* _ASSIGNED TASK_: Produce a word-for-word copy of the data that follows, excluding images.

* _GIVEN INFORMATION_:
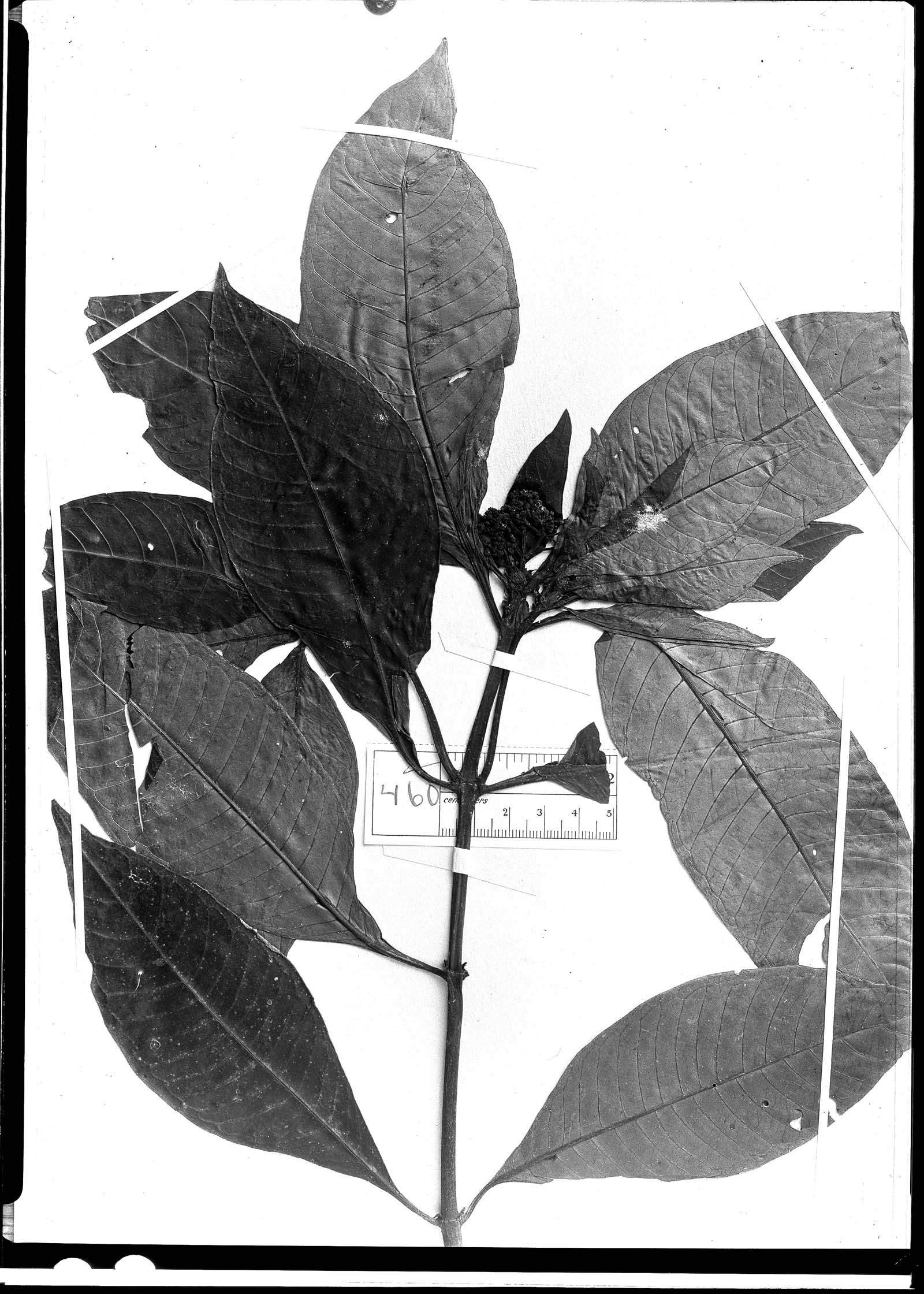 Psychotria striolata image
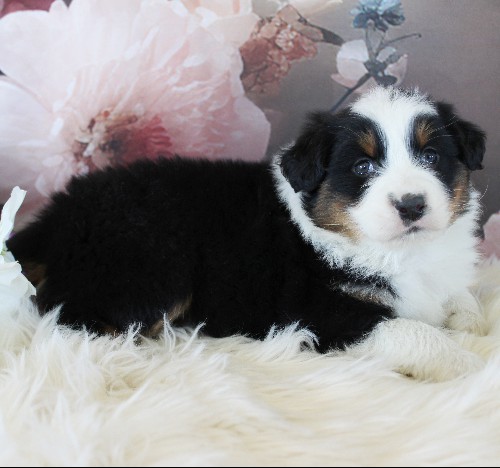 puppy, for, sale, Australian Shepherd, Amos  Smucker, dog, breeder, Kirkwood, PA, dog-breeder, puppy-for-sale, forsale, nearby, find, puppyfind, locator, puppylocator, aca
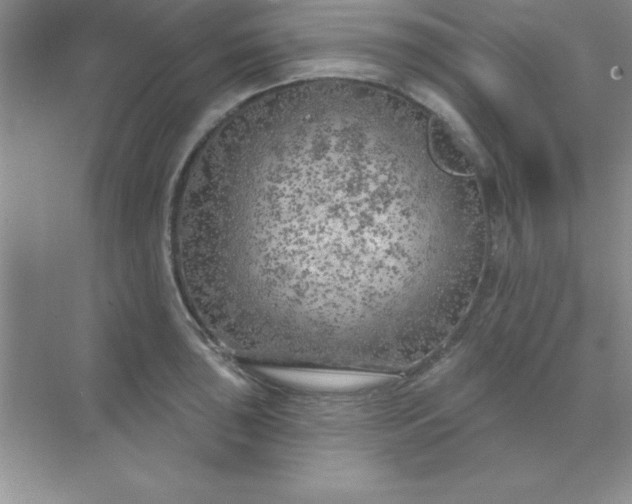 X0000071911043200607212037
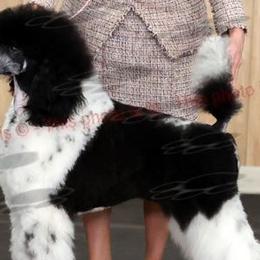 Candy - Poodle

* _RESULT_:
 Psychotria striolata image
 puppy, for, sale, Australian Shepherd, Amos  Smucker, dog, breeder, Kirkwood, PA, dog-breeder, puppy-for-sale, forsale, nearby, find, puppyfind, locator, puppylocator, aca
 X0000071911043200607212037
 Candy - Poodle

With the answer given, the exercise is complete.